## EXTRACTED INFORMATION
..........

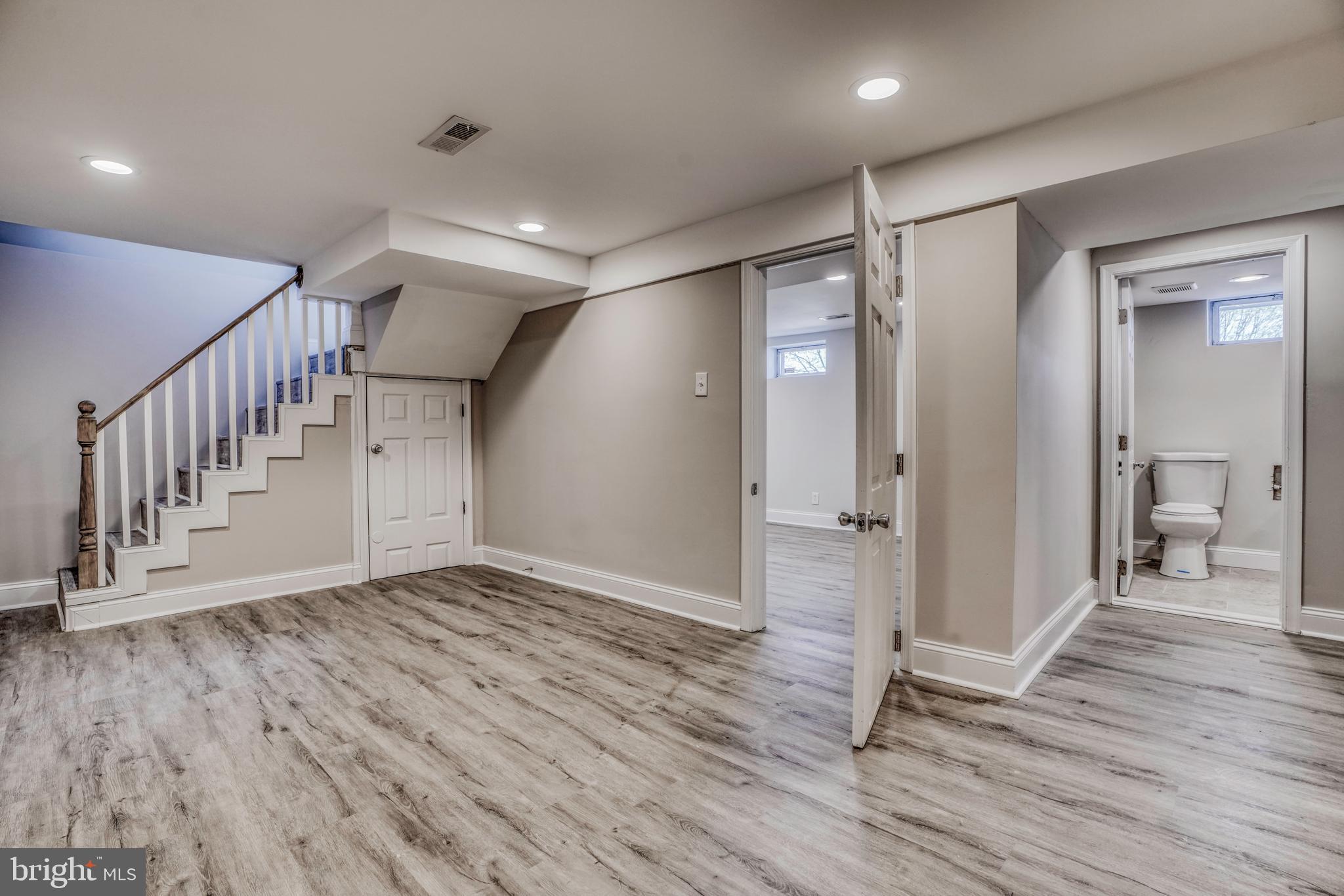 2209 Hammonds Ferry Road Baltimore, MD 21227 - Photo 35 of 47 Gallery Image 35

..........

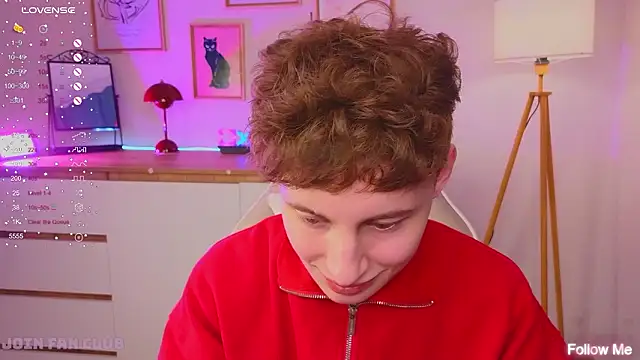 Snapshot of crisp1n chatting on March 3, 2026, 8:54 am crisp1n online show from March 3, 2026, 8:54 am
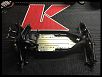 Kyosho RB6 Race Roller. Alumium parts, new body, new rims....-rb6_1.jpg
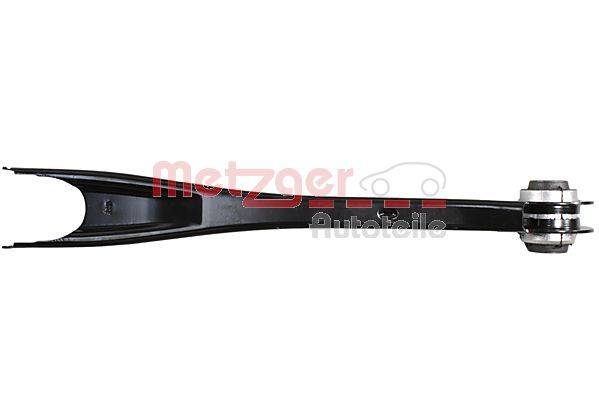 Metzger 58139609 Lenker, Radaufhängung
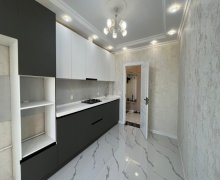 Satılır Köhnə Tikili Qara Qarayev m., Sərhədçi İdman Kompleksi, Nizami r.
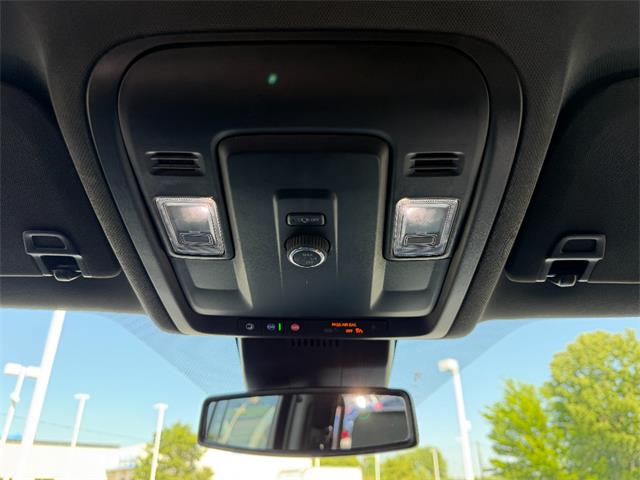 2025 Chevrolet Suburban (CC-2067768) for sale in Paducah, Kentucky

..........

## TASK DETAILS
Using the entries above, reproduce word for word only the lines from the one that contains "Metzger 58139609 Lenker, Radaufhängung" to the one that contains "2025 Chevrolet Suburban", both ends included, and drop every picture.

## EXERCISE SOLUTION
 Metzger 58139609 Lenker, Radaufhängung
 Satılır Köhnə Tikili Qara Qarayev m., Sərhədçi İdman Kompleksi, Nizami r.
 2025 Chevrolet Suburban (CC-2067768) for sale in Paducah, Kentucky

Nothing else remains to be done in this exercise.